Nesse sentido, a turma julgadora determinou que o tempo mínimo de prisão de um devedor de alimentos seja de um mês. No entanto, no decreto de prisão original, o juízo havia apenas indicado um prazo de três meses, sem apresentar justificativa específica para essa duração.
“Não se pode admitir que uma decisão superficial e imotivada, com a mera escolha discricionária do magistrado, venha a definir o tempo de restrição de liberdade de qualquer pessoa, sob pena de se incorrer em abuso do direito e arbítrio do magistrado, impedindo a ampla defesa e o contraditório pelo devedor, além de inviabilizar o controle das instâncias superiores pelas vias recursais adequadas”, afirmou o relator do recurso em habeas corpus, ministro Raul Araújo.

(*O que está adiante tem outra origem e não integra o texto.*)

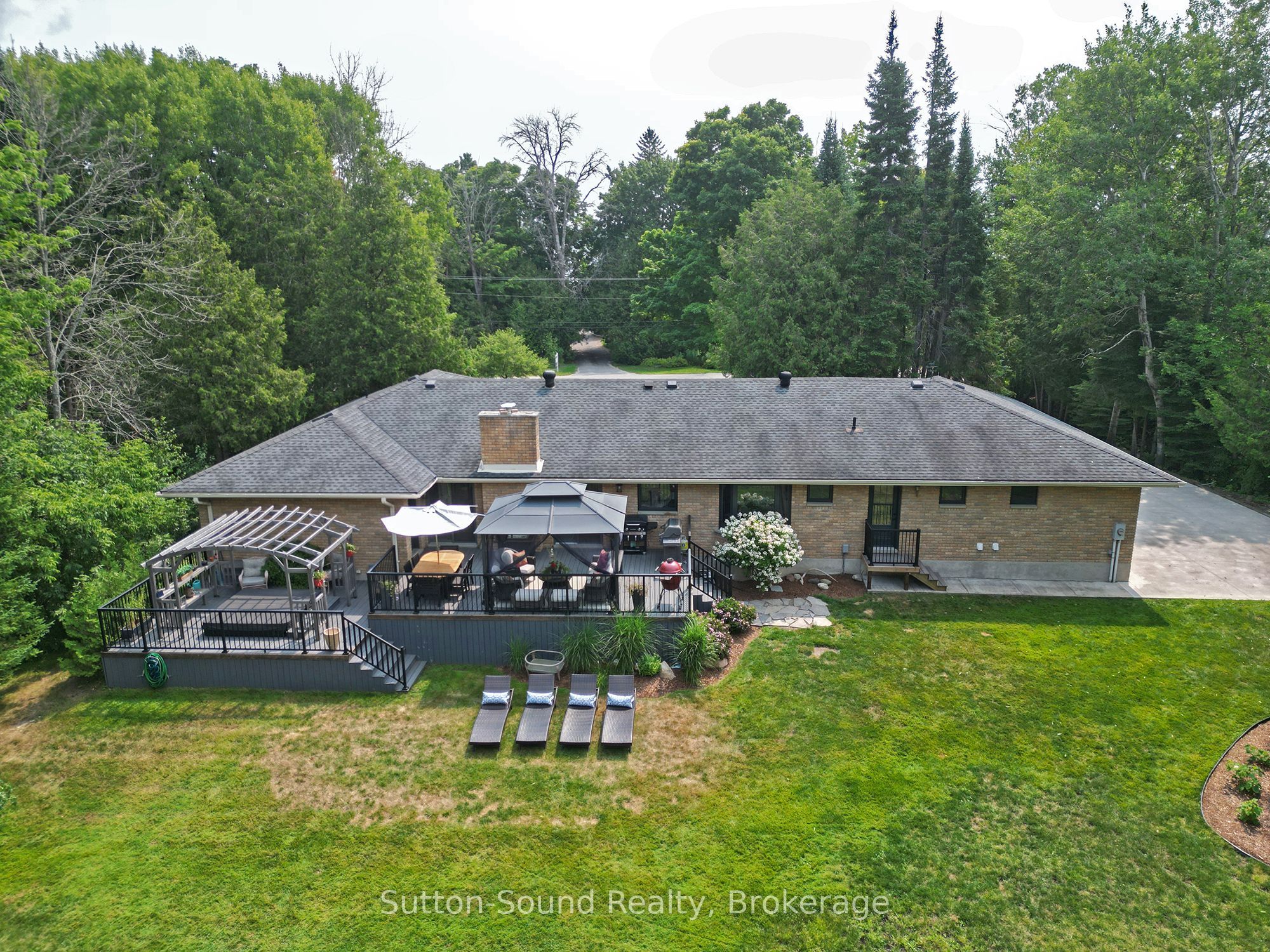 286 Balmy Beach Road N, Georgian Bluffs, ON N4K 5N4 photo 5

Apesar disso, o decreto prisional foi mantido em segunda instância, com base na alegação de que não há ilegalidade se a decisão respeitar o prazo máximo de três meses estabelecido no artigo 528, parágrafo 3º, do Código de Processo Civil (CPC).

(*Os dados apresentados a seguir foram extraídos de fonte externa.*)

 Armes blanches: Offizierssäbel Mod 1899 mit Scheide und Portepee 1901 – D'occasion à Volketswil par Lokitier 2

O ministro Raul Araújo enfatizou que a motivação das decisões judiciais, conforme previsto no artigo 93, IX, da Constituição Federal, é um elemento essencial de proteção e garantia da liberdade, além de servir como instrumento de limitação do poder estatal.
“Visando dar concretude aos ditames constitucionais é que o Código de Processo Civil de 2015 dispôs, de forma expressa, sobre o dever de fundamentação analítica e adequada de todas as decisões judiciais (artigo 489, parágrafo 1º), em substituição ao livre convencimento e em repulsa às interpretações arbitrárias e solipsistas’’, complementou o ministro.

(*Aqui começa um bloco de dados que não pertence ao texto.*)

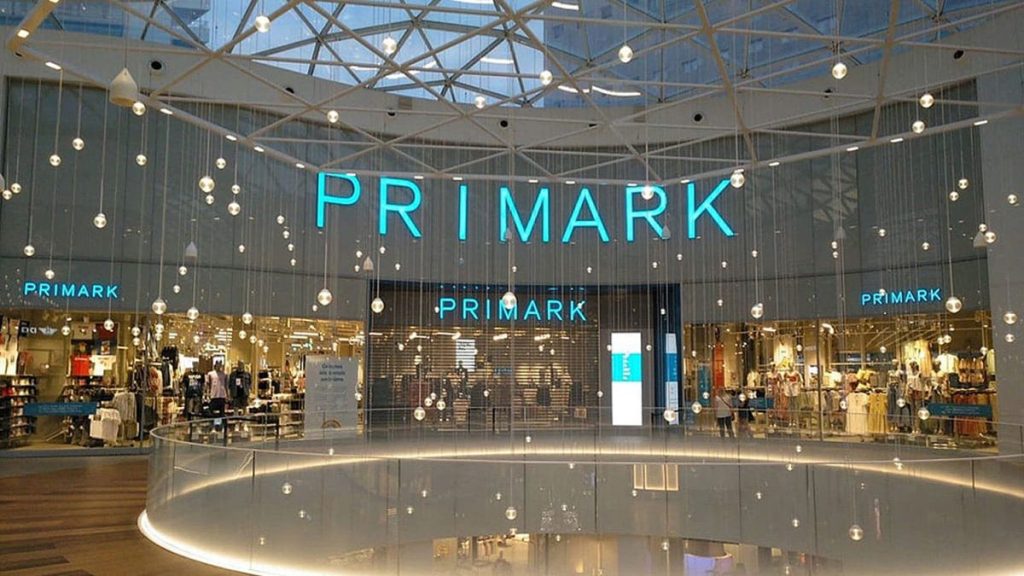 Esta es la solución de Primark para los días de lluvia: ¡Evita mojarte con estilo! 3 Moncloa primark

Apesar dessas diretrizes, o ministro Raul Araújo observou que tem havido divergências nos tribunais brasileiros quanto à necessidade de fundamentação do decreto de prisão civil em relação ao tempo de encarceramento, isto é, se é necessário haver uma espécie de “dosimetria” ou se o período está sujeito à discricionariedade do juízo.
O relator destacou que a prisão civil é um instrumento legal para compelir o devedor de alimentos a cumprir sua obrigação de forma mais célere. Como qualquer medida coercitiva, ressaltou o ministro, é necessário haver uma justificativa adequada para sua imposição, especialmente porque envolve direitos fundamentais da pessoa executada.
“Nessa perspectiva, deve prevalecer o dever de fundamentação analítica e adequada de toda decisão determinante de prisão civil do devedor de alimentos, seja quanto ao preenchimento dos requisitos – requerimento do credor; existência de débito alimentar que compreenda até três prestações anteriores ao ajuizamento da execução; não pagamento do débito em três dias; ausência de justificação ou de impossibilidade de fazê-lo –, seja quanto à definição do tempo de constrição de liberdade entre o mínimo e o máximo (um a três meses) estabelecidos pela legislação”, detalhou.
Dentre os elementos que podem orientar o juízo na determinação do tempo de prisão, o ministro citou a capacidade econômica do devedor e o valor da dívida; o comportamento do devedor (se age de boa-fé ou se é reincidente); as características pessoais (se está desempregado, se tem outros filhos ou é doente); e as consequências do não pagamento para o alimentando (abandono de escola ou danos à saúde, por exemplo).